TASK DIRECTIONS - Output the listing below verbatim, but drop the images.

DATA BLOCK -
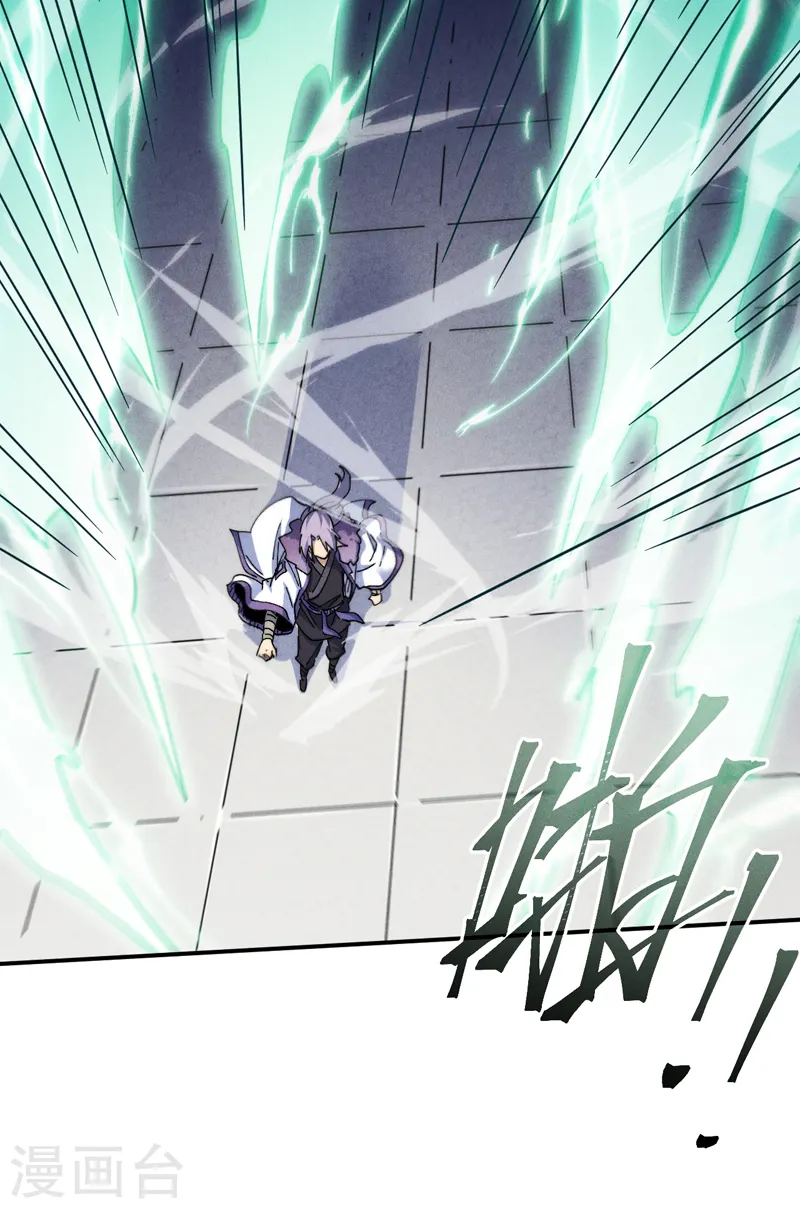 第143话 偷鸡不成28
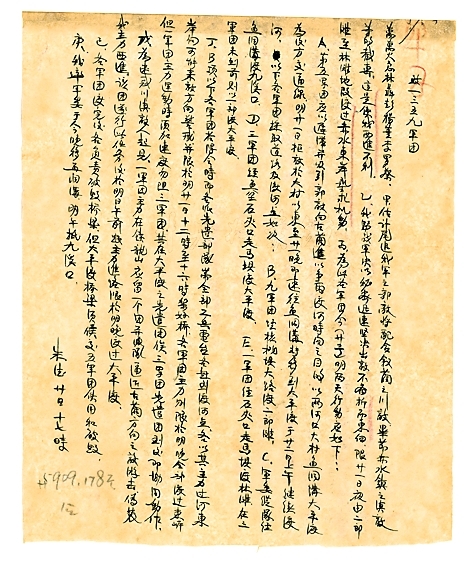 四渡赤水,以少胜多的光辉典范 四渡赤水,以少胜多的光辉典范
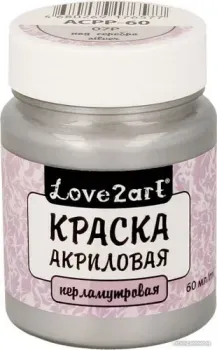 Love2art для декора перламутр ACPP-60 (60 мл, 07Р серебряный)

RESPONSE TO THIS EXERCISE -
 第143话 偷鸡不成28
 四渡赤水,以少胜多的光辉典范 四渡赤水,以少胜多的光辉典范
 Love2art для декора перламутр ACPP-60 (60 мл, 07Р серебряный)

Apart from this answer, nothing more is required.